I disagree with this. Handling one blocking operation is as easy as handling n blocking operations. Yes, you have to handle them, or they will block.
The alternatives are to run everything in its own process, which uses too much RAM or to use threads, which are very difficult to reason about. (Did you really acquire locks in an order that guarantees you will never deadlock? Is your date formatting library threadsafe?) Finally, there is threads and STM, but STM adds overhead and retrying transactions wastes resources.
None of those solutions are very good, and node is in the same place: it is another not very good solution to concurrency. Right now, nobody in the world can come up with anything better. To do concurrency right, you have to be very careful, and those caveats apply to all the other concurrency mechanisms. node's event model is basically equivalent to the other mechanisms; fatal if done wrong. Doing one thing in one place makes the process model work. Not having any state shared between application operations makes threads work. Event-driven systems are a compromise between the two: you can share state between logical threads of execution, but the order in which state updates occur is deterministic.

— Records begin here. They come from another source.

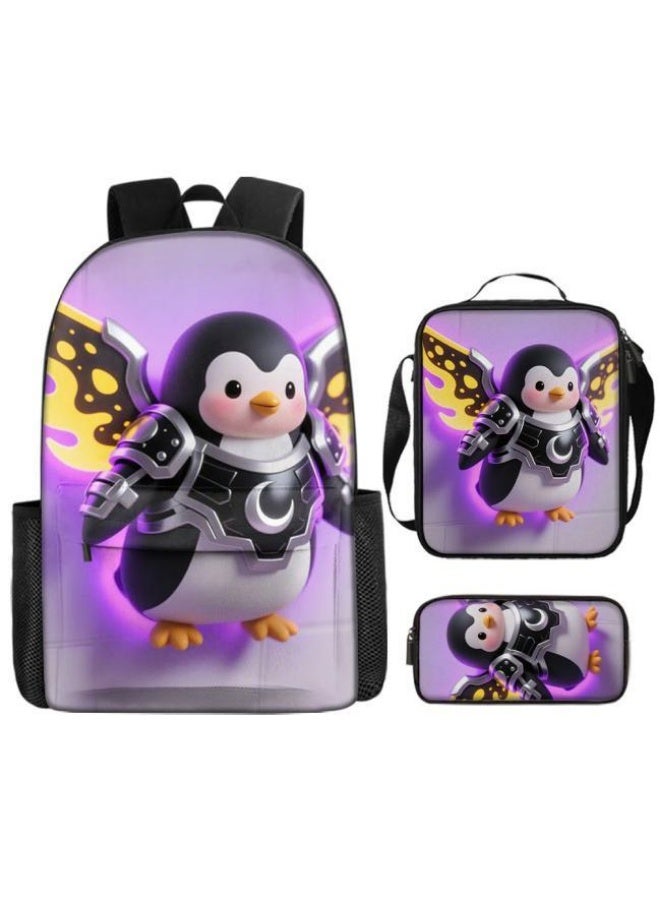 Bright Li Fire Fashion is unlimited! Cartoon bag three-piece set, suitable for a variety of scenes for students and teenagers (available for students, children, friends on outings, mountain climbing, schooling, etc.) - 78 - Image 2
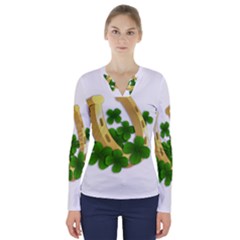  St  Patricks Day  V-neck Long Sleeve Top by Valentinaart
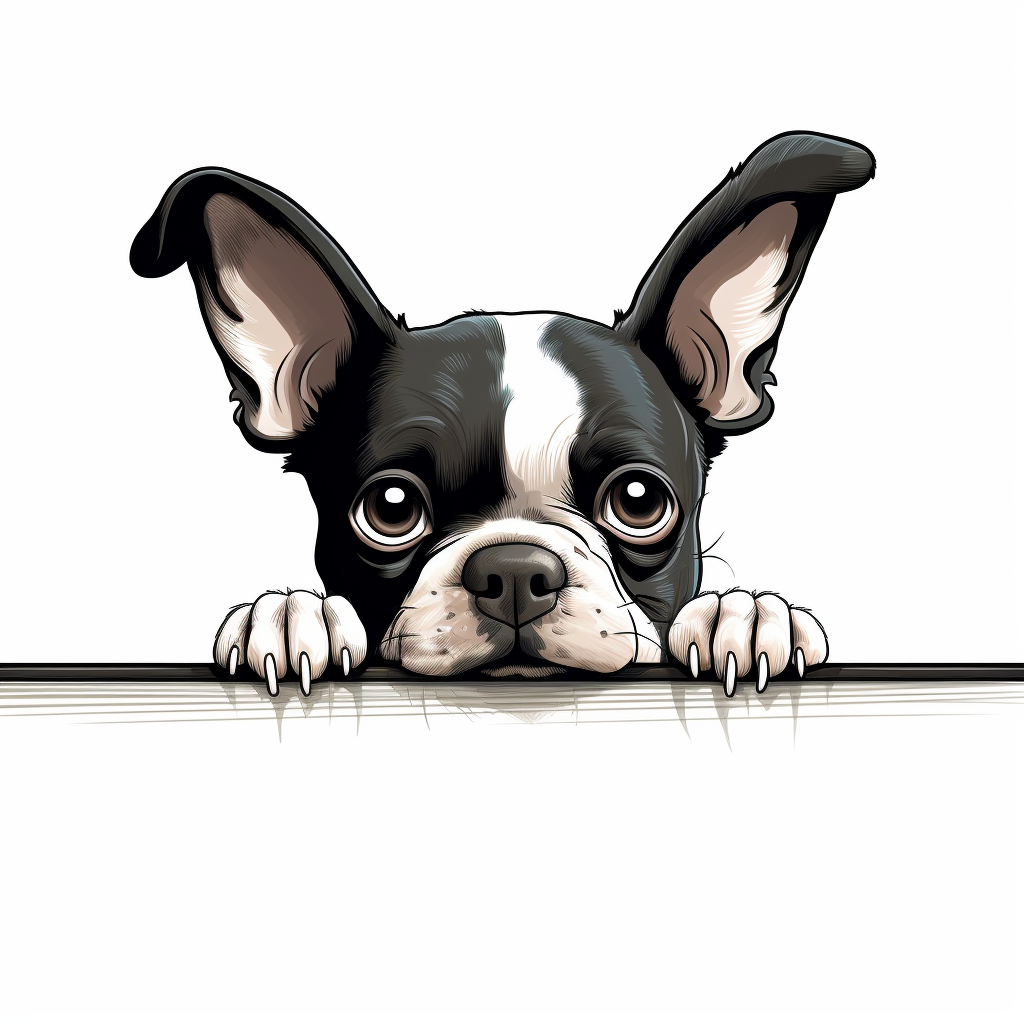 Cute Boston Terrier Dog Peeking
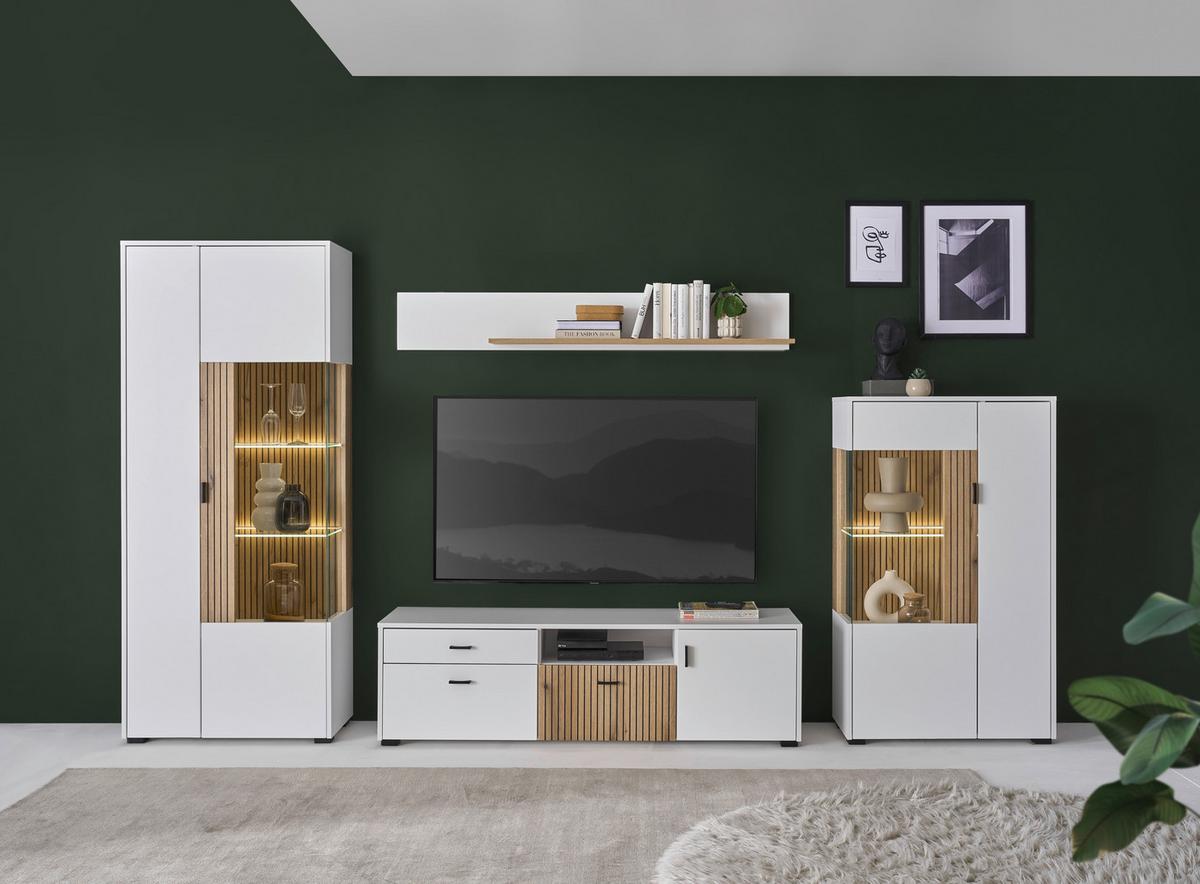 Wohnwand Hudson Weiß/Eichefarben - Eichefarben/Schwarz, Design, Glas/Holzwerkstoff (320/180/42cm) - MID.YOU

Every model has its strengths and weaknesses, and node has strengths and weaknesses.
That makes sense, mostly, but I'm a bit confused as to what you mean by saying it is easy to "miss" a blocking operation such that it will take down your server. It seems pretty hard to have any operation be blocking in node. To my knowledge everything I can do in node is asynch (with exception of a few blocking file functions, but I don't use those as there are asynch versions which are recommended anyway)
I'm also a bit puzzled by your statement that there are people working on the problem but not talking about it. Do you have some inside information? :) I do agree that it is a solvable problem, however.
> It seems pretty hard to have any operation be blocking in node.
A blocking operation is essentially anything that takes a while to complete. It blocks everything, because node is focused on doing that one thing. Usually this happens with external services, where node requests something and then waits for a response. Those are easy to spot. But you can write code in any language that takes a while to do something. And it's very easy to do so and miss your mistake =)
> I'm also a bit puzzled by your statement that there are people working on the problem but not talking about it.
I don't mean it's a secret or something. They talk about it on Google Groups and in change logs. I'm saying that's something that should be on their front page of their website explaining things. Maybe have a nice little chart of dos and don'ts.
> It seems pretty hard to have any operation be blocking in node ... To my knowledge everything I can do in node is asynch
As soon as you code an endless loop in a function it blocks the server forever. Do a long calculation: it blocks for the time running. Node is no magic dust which turns everything it touches into asynch high speed code.
Node is asynch only when it comes to operations that are external to your code. (network, file system) . One could even argue that CPU intensive code being external to node but running on the same server could block if it's not running on a different CPU altogether.
My latest project runs Python/Pyramid and MongoDB for the more traditional computational stuff. We have a notification architecture running through node.js/socket.io sending real-time events down to the browser.
It works beautifully.
All of that COULD have been implemented within the Pyramid layer (or Twisted..or whatever), but it would have been much more difficult and time-consuming to do.
I'm doing something similar, only with PHP + MySQL for the more traditional stuff. Node.js runs a websocket server + http + fastcgi. Browsers connect as clients. PHP connects as a client too when it needs to. Node.js facilitates the back and forth.
I could have done it in PHP, but it would have been an absolute nightmare.
You can run pyramid through gevent wsgi and use gevent-websockets to get the same functionality. Highly performant, no callback soup, and all one stack.
Node is great for building services. Not so much for software that consumes those services.